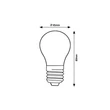 Rábalux LED izzó filament E27 G45 2W 470lm 3000K meleg fehér 79015
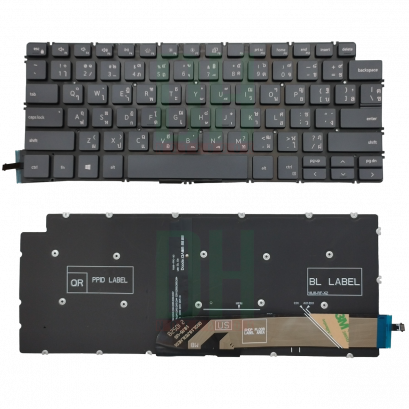แป้นพิมพ์ คีย์บอร์ดโน๊ตบุ๊ค DELL Inspiron 13-5390, 13-7391, 14-7490, 7491, 5493 Laptop Keyboard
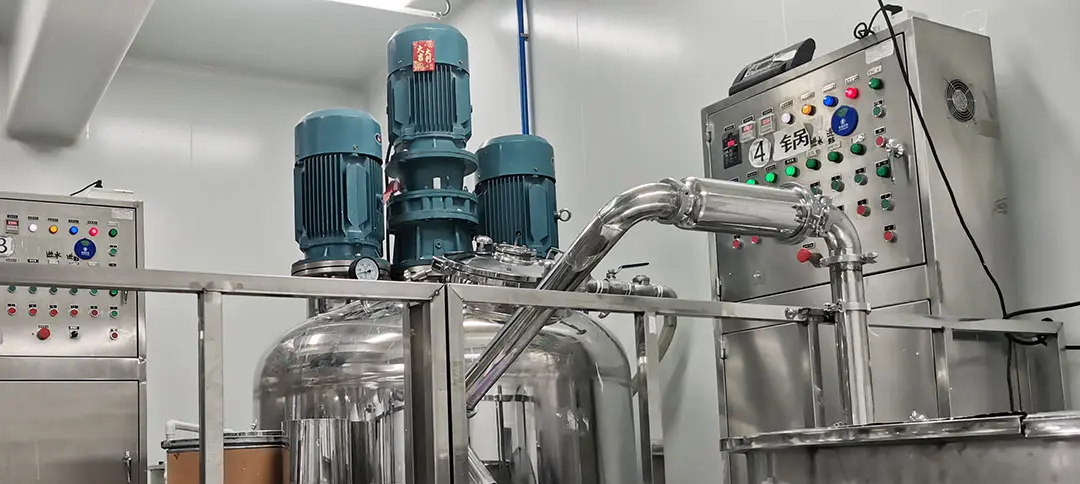 Tanques de mezcla de emulsificación al vacío de alta capacidad para la producción de pasta dental biomimética a gran escala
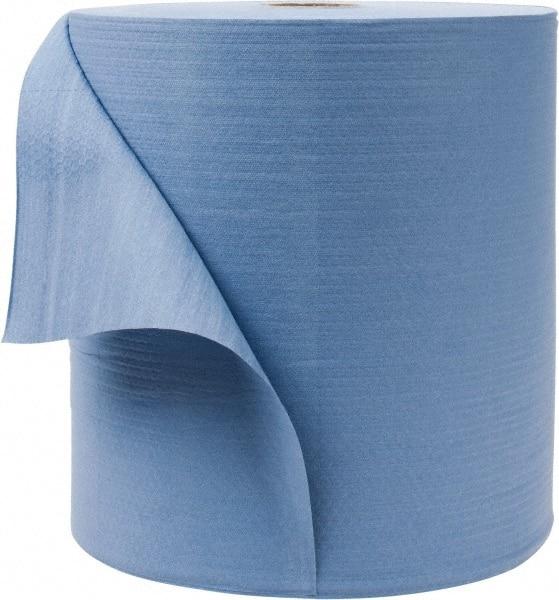 WypAll - X80 Dry Shop Towel/Industrial Wipes - Jumbo Roll, 13-3/8" x 12-1/2" Sheet Size, Blue - All Tool & Supply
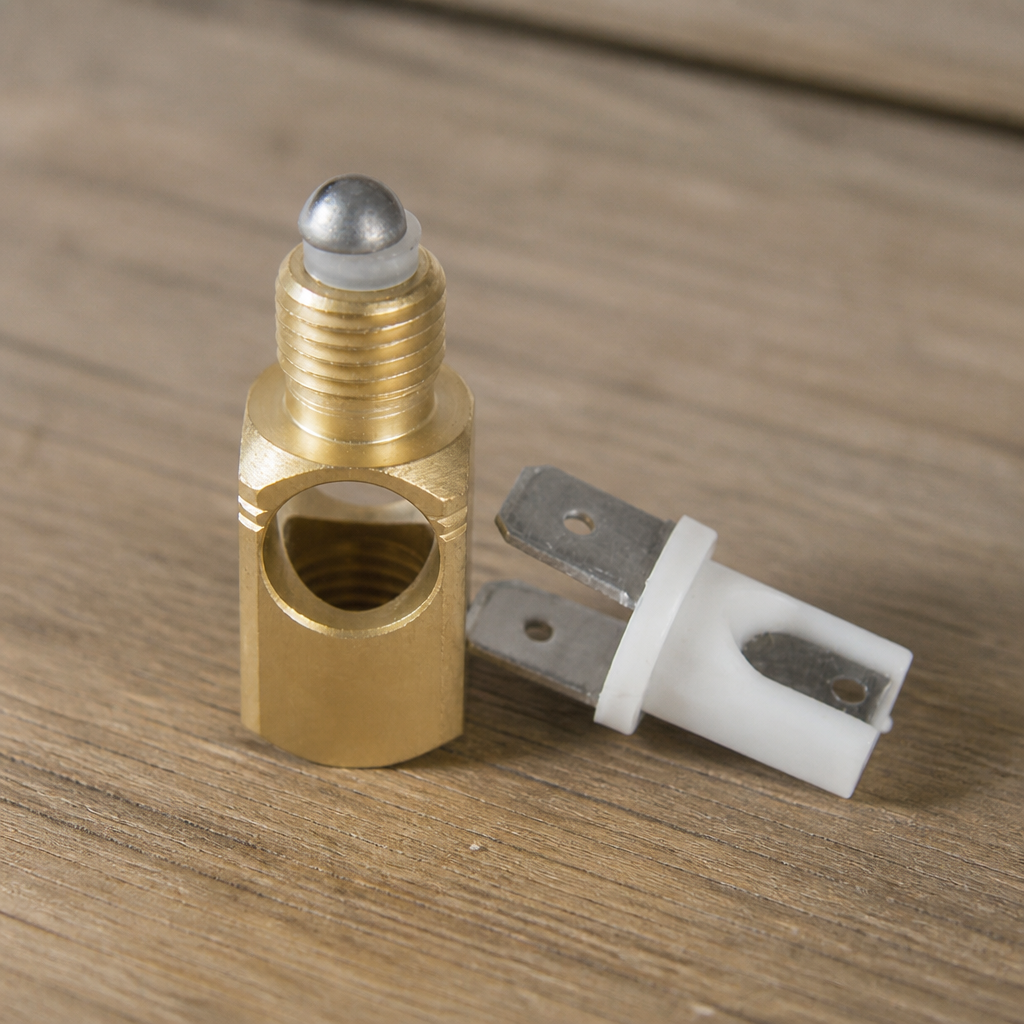 Commercial fryer replacement brass interrupter part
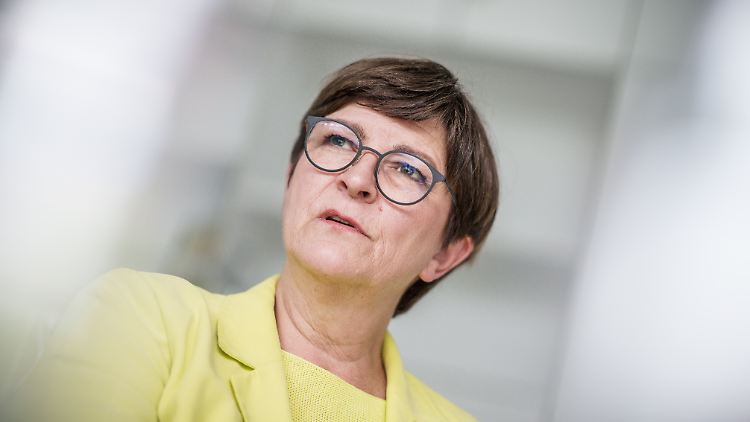 Esken ist seit 2019 Parteivorsitzende der SPD.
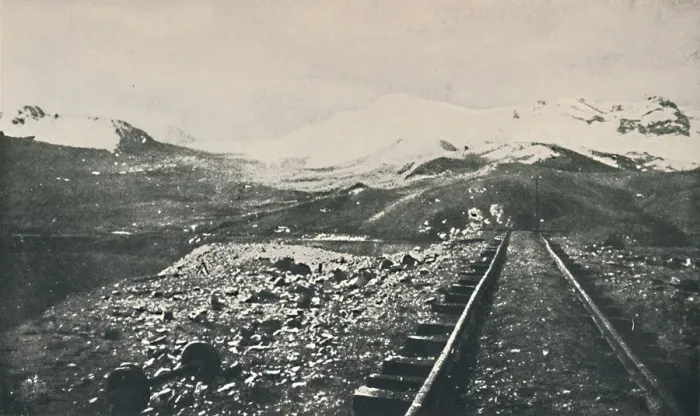 Framed Print : Summit of the Oroya Railway, 1916 Framed Print : Summit of the Oroya Railway, 1916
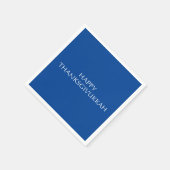 感謝祭の青い白の感謝祭ハヌカー スタンダードカクテルナプキン (角)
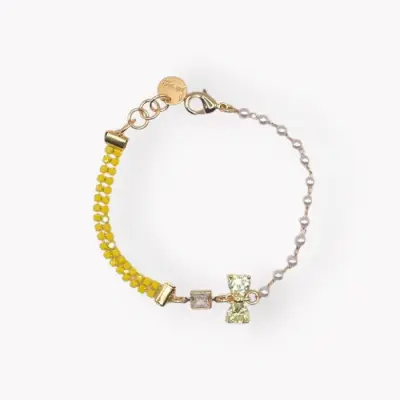 Bracelet Guimauve Jaune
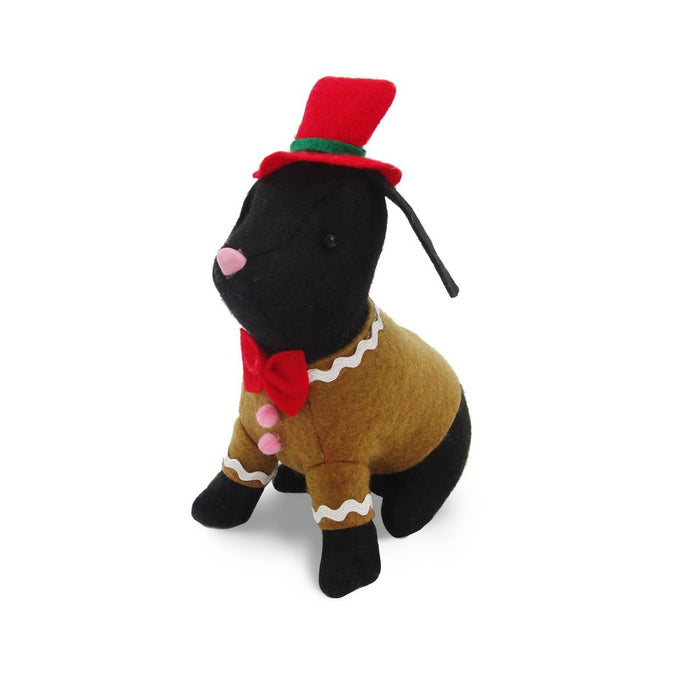 6.25" Plush Dogs Black - Bullseye's Playground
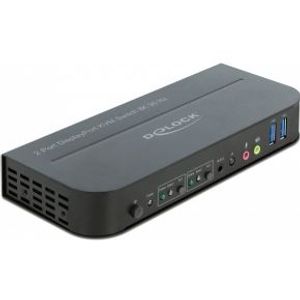 Delock 11482 DisplayPort 1.4 KVM-switch 8K 30 Hz met USB 3.0 en audio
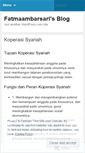 Mobile Screenshot of fatmaambarsari.wordpress.com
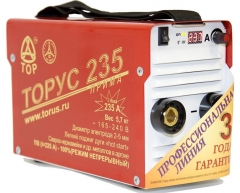 Сварочный инвертор Торус 235, 230 В, 5.4 кг, 20-235 А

- **WORK ORDER**
Omit the images; transcribe the listing verbatim.

- **ANSWER BOX**
 Rábalux LED izzó filament E27 G45 2W 470lm 3000K meleg fehér 79015
แป้นพิมพ์ คีย์บอร์ดโน๊ตบุ๊ค DELL Inspiron 13-5390, 13-7391, 14-7490, 7491, 5493 Laptop Keyboard
 Tanques de mezcla de emulsificación al vacío de alta capacidad para la producción de pasta dental biomimética a gran escala
 WypAll - X80 Dry Shop Towel/Industrial Wipes - Jumbo Roll, 13-3/8" x 12-1/2" Sheet Size, Blue - All Tool & Supply
 Commercial fryer replacement brass interrupter part
 Esken ist seit 2019 Parteivorsitzende der SPD.
 Framed Print : Summit of the Oroya Railway, 1916 Framed Print : Summit of the Oroya Railway, 1916
 感謝祭の青い白の感謝祭ハヌカー スタンダードカクテルナプキン (角)
 Bracelet Guimauve Jaune
 6.25" Plush Dogs Black - Bullseye's Playground
 Delock 11482 DisplayPort 1.4 KVM-switch 8K 30 Hz met USB 3.0 en audio
 Mobile Screenshot of fatmaambarsari.wordpress.com
 Сварочный инвертор Торус 235, 230 В, 5.4 кг, 20-235 А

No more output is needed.